The gain options don't seem to be well thought-out...
 
 
 
Anyway, yeah that does look a bit adventurous.

Make sure you don't short anything when moving the cable..

 

[Chris J]

  That first formula is the voltage divider formula, correct? I know that increasing the output impedance of an amp, all other things being equal, will reduce the power into the headphones. Which is why I added resistors to my speaker amp to get some range on the volume knob. It's funny though, with 250 ohm resistors I'm only getting ((20*35)/(250+35))^2/35 = 172 mw, or if we use the 50 ohm spec, I'm getting ((20*50)/(250+50))^2/50 = 222 mw. Which is on the low end for "recommended" power into the HE-400. So the guy with massively overpowered amp is actually using less power than most. Kind of ironic... 

I think the primary sticking point in the discussion was the concept of assuming equal volume and measuring across the headphones drivers, or "load" in the diagram below. This already takes into account the fact that increasing output impedance reduces power into the load. I think mlxx was imagining that measurements are being taken across both the "output impedance" and "load" resistors. From that reference, it would be true that you'd have different amounts of power to get the same volume.

 

 
Hey man,
So you are starting off with a 50 Watt @ 8 Ohms per channel amplifier.
This outputs a maximum of 20 Volts RMS.
Now you put a 250 Ohm resistor in series with the output of the amp (increasing output impedance to 250 Ohms).
So your maximum output voltage is 2.45 Volts.
 
I have a lowly, little Matrix M Stage headphone amp, maximum output voltage is approx. 8 Volts RMS.
 
You don't have to be a rocket scientist to see that you will get more power from the Matrix than you will from the 50 Watt power amp with a 250 Ohm resistor in series, LOL!
There's more to it than that, of course, the two amps will both current limit at some point, but the Matrix will still output more power into the 32 Ohm 'phones.
It's rated at 400 mW into 60 Ohms.

 

[xnor]

Well he can lower the resistors or just skip them altogether and push 8 watts into his headphones if he likes... the headphones won't though.

 
 
I can see you touching the volume control, *clack*: "oh, not again" (headphones blown).

 

[manbear]

@chris j

Yes, I am aware that my setup is a bit silly. It's even more silly to compare it to the M-stage, though, for a number of reasons. I can easily and cheaply change the resistors to get as much power as I want, up to 8 watts. The resistors are there to attenuate noise, but I'm in the process of experimenting with lower impedances to see how much attenuation I really need -- and how much power I really need. I think I already have enough. I don't know if I even want your 8v output... But I could have it, and more, if I wanted. LOL

Last time I checked, my amp cost less than an M-stage. Who knows, it might even sound better too.

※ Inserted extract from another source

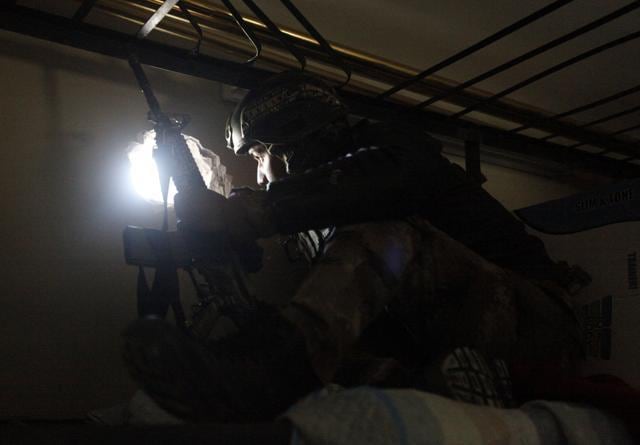 A member of Iraqi Counter-Terrorism Service (CTS) forces takes his position during a battle with Islamic State militants in Andalus neighborhood of Mosul, Iraq. (Reuters Photo) A member of Iraqi Counter-Terrorism Service (CTS) forces takes his position during a battle with Islamic State militants in Andalus neighborhood of Mosul, Iraq. (Reuters Photo)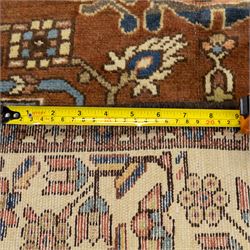 North West Persian Tafresh hand-knotted rug, pale apricot field with central stepped medallion enclosing stylized floral and angular motifs framed by indigo spandrels and multiple stylized floral borders, cotton fringe ends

I'm just kidding you. I mostly got this amp so I could play around with something. And because I might get an HE-6. Or speakers. Who knows....

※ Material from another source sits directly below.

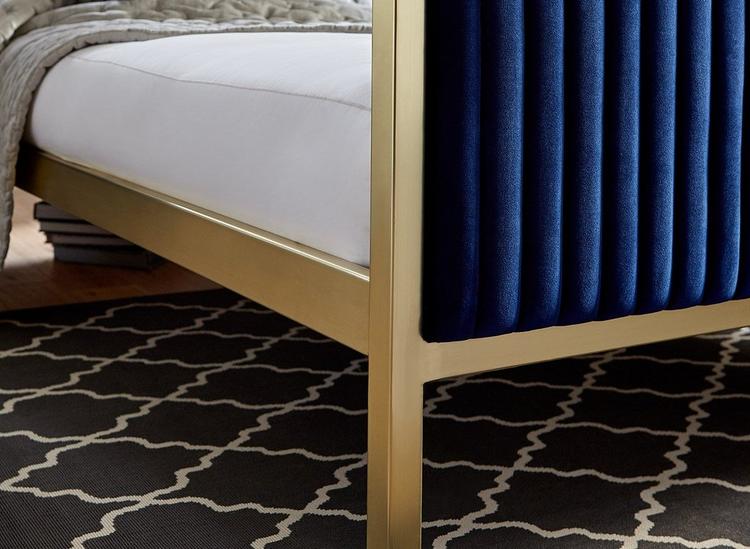 metallic gold edging on navy blue material bed frame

If anything, this amp has taught me that I need less power than I thought I did. Even though I got it because I wanted more. I'm still trying resistor values that will give me 500 mw, 1000 mw and 2000 mw to see if I can hear any difference, or if the peace of mind from having enough more than enough power for transients or music with high dynamic range is worth the tradeoff in volume knob travel. I've used the amp with no resistors, but the noise floor bothers me too much that way. The HE-400 didn't mind, but my apple earbuds sure did...

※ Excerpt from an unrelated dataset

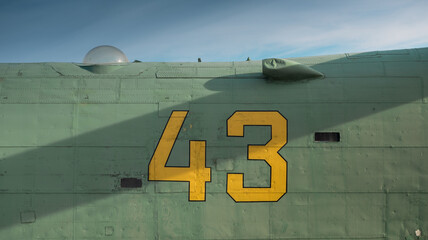 Number 43 written on side of old green aircraft. Metal surface with rivets partially covered with diagonal shadow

[VIDEO]http://vimeo.com/80125357[/VIDEO]

 

[bigshot]

The "more is better" theory is the worst theory ever.

 

[Chris J]

  The "more is better" theory is the worst theory ever.

 
Over 11,000 posts.........

 

[xnor]

He didn't say he's better because of his post count.

 

[castleofargh]

but that is just looking at how many volt we need/how loud it gets, nothing about current.  he400 might need more power than some because it combine low efficiency and low impedance. where we often only need to look strong for either V or A so real power is not mandatory.